La medición usada por Izurieta y colaboradores para comparar los tipos de vacuna fue la EV relativa, es decir, la disminución en las tasas de hospitalizaciones asociadas a la influenza entre los beneficiarios que recibieron algún tipo de vacuna seleccionada versus los que recibieron la vacuna comparadora. Una ventaja de esto es que no requiere un grupo no vacunado. Pero los registros de Medicare podrían no haber capturado todas las vacunaciones, produciendo una mala clasificación de algunos vacunados como no vacunados.

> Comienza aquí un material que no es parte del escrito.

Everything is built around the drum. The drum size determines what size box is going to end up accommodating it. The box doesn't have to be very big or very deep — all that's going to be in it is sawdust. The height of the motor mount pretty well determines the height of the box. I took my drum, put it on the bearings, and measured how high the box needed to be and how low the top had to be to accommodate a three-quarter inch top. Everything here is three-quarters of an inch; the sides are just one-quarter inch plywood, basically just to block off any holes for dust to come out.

Una desventaja de usar la EV relativa es que no permite la estimación de la EV absoluta de ninguna vacuna, esto es, la disminución de las tasas de los desenlaces en cada cohorte vacunada comparada con una cohorte no vacunada. 

La efectividad relativa de las vacunas cultivadas en células y las de dosis altas resultaron en modestas mejorías en la protección contra las hospitalizaciones asociadas a la influenza. 

Es importante monitorear y cuantificar los cambios con el uso de diferentes tipos de vacuna en el tiempo. Para la estación 2017-2018, en los beneficiarios de Medicare, el 63% recibió vacuna de dosis altas y solo el 7% recibió la vacuna estándar trivalente. Esto podría haber tenido algún rol en las diferencias en los hallazgos entre las consultas en hospital versus las consultas ambulatorias, reportadas por Izurieta y colaboradores. Es plausible que el pequeño número de beneficiarios que recibieron la vacuna estándar trivalente en esa estación, podrían haber sido diferentes a la gran mayoría que recibió la vacuna en dosis altas en cuanto al comportamiento de consultar médico. 

Una limitación del estudio es la ausencia de confirmación de la influenza por laboratorio. Es, por tanto, importante la replicación de estos hallazgos en estudios con confirmación de influenza por laboratorio con el fin de determinar la efectividad absoluta y relativa de las diferentes vacunas contra la influenza. 

 

Un comentario en “Resúmenes (140)”

  1. La vacunación contra la influenza ayuda a proteger a las mujeres durante y después del embarazo.
    -La vacunación reduce el riesgo de una infección respiratoria aguda asociada a influenza en las mujeres embarazadas a la mitad.
    -Un estudio de 2018 reveló que el hecho de recibir la vacuna inyectable contra la influenza reduce aproximadamente un 40% el riesgo de hospitalización de mujeres a causa de la influenza.
    -Vacunarse también puede ayudar al bebé de la influenza luego del nacimiento (la madre transmite anticuerpos al bebé en gestación durante el embarazo.
    – Varios estudios han demostrado que además de ayudar a proteger a las mujeres embarazadas, la vacuna contra la influenza que se administra durante el embarazo ayuda a proteger al bebé de la infección por influenza durante varios meses posteriores al nacimiento, cuando el bebé aún no es lo suficientemente grande como para vacunarse.